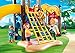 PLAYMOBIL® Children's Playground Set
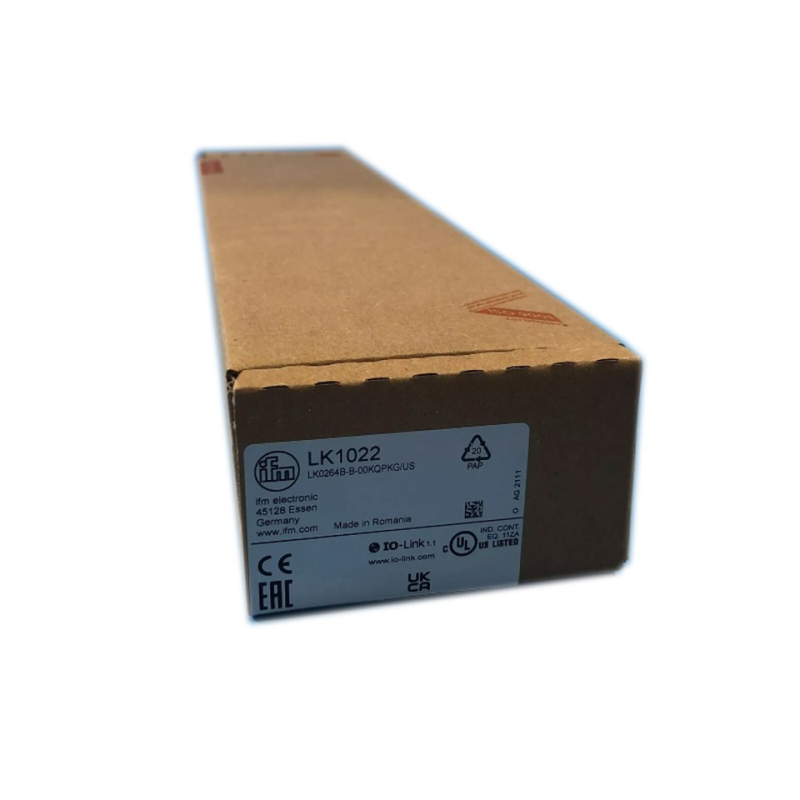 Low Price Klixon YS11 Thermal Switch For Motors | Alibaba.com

----------------------------------------

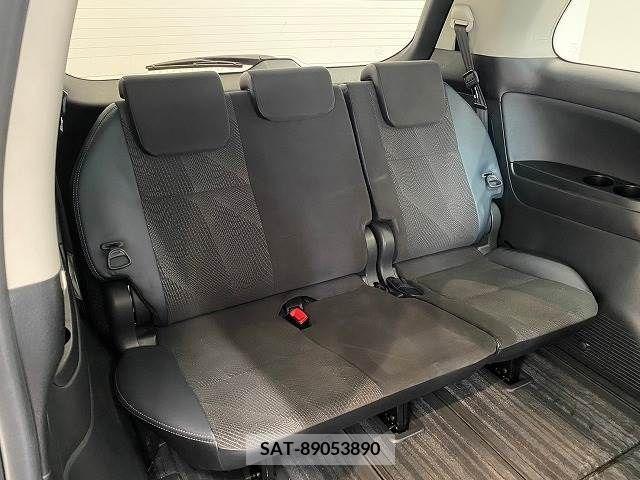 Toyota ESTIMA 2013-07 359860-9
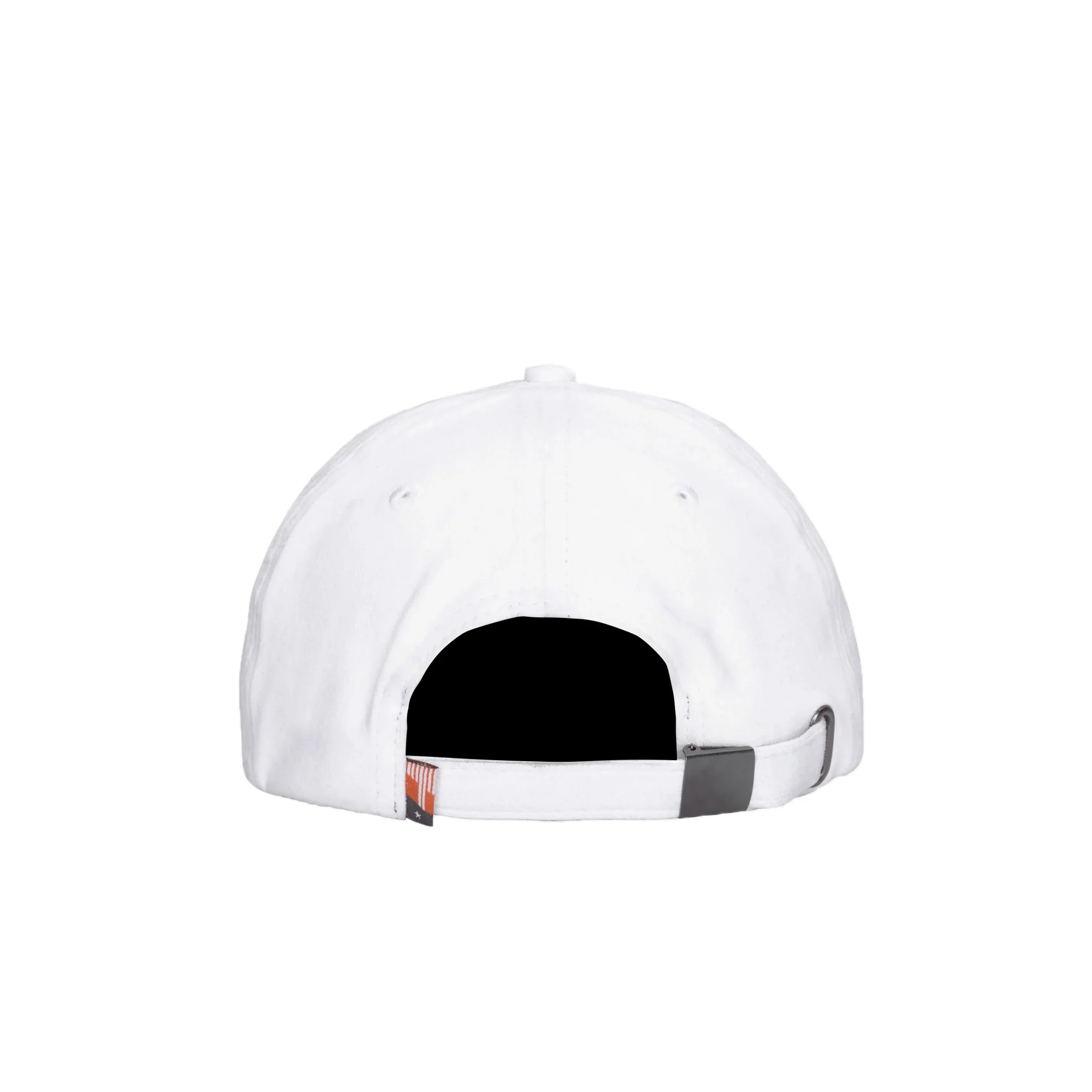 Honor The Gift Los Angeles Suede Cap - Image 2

----------------------------------------

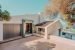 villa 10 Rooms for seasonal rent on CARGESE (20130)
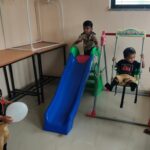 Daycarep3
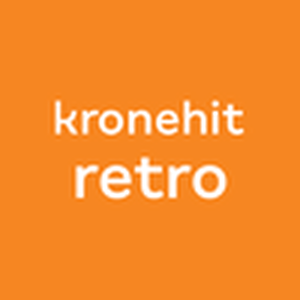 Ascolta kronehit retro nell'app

----------------------------------------

## ABOUT THIS EXERCISE
All lines above from the one containing "PLAYMOBIL® Children's Playground Set" up to and including the one containing "Low Price Klixon" are to be set down exactly, and nothing else. Leave images out.

## OUTPUT BELOW
 PLAYMOBIL® Children's Playground Set
 Low Price Klixon YS11 Thermal Switch For Motors | Alibaba.com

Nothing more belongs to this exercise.